Estos días esa voz se hacía más fuerte sin darme cuenta. Pero de pronto recordé una nota que escribí hace tiempo en mi móvil: “Cuanto más perfecta quiero ser, más me pierdo de tu misericordia.”
Es que solemos trabajar demasiado para ser perfectos en lo laboral, en lo afectivo, en lo espiritual. Nos ponemos metas que parece nunca alcanzamos, hasta que terminamos odiándonos y alejándonos de Dios porque creemos que nos pide cuentas, que Él es esa voz aterrorizante que nos acecha… pero que realmente es, como diría San Ignacio, el mal espíritu. Porque es una voz que, disfrazada de “hacernos un bien”, de “ángel de luz”, logra lo opuesto: nos quita energía, autoestima, esperanza.
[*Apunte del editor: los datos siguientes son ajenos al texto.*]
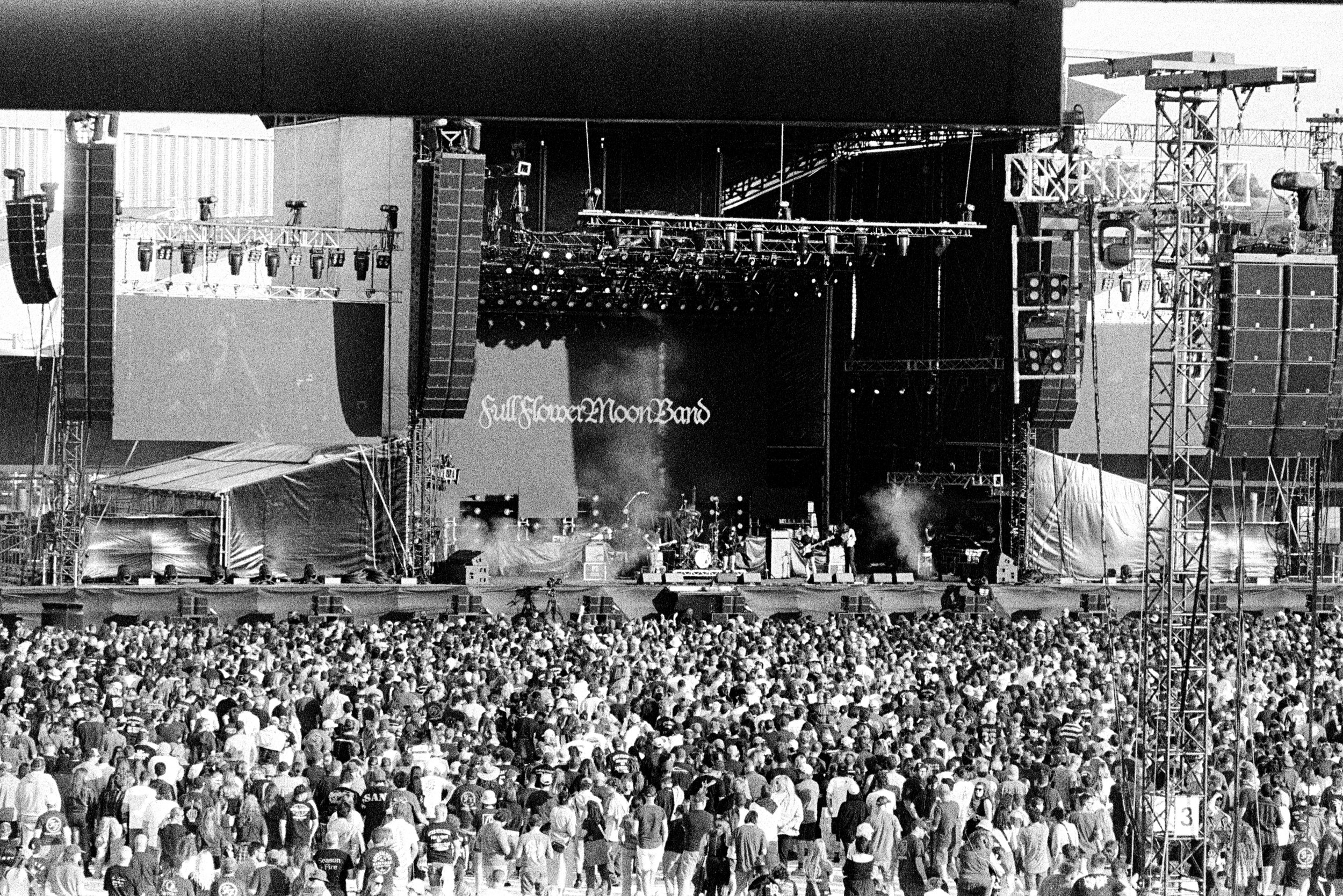 A black and white photo of a large outdoor concert stage with a crowd of people in front. The stage has various lighting and sound equipment, with a band performing and a large screen displaying the band's name, 'Full Flower Moon Band'.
La misericordia no es “para mediocres”, es más bien para realistas, para humanos: es entrar a la lógica de un Dios para quien nada pasa desapercibido: “Tu Padre, que está en lo secreto, te lo recompensará” , que celebra cada esfuerzo por pequeño que sea y que, en lugar de juzgarnos desde una nube imaginaria, se pone a nuestro nivel y nos motiva. Dios no mira nuestros resultados en un Excel. Lo que mira son nuestros mínimos esfuerzos y deseos en lo secreto de nuestra recámara, estudio, gimnasio… para seguirnos animando. Él es nuestro mejor “coach”.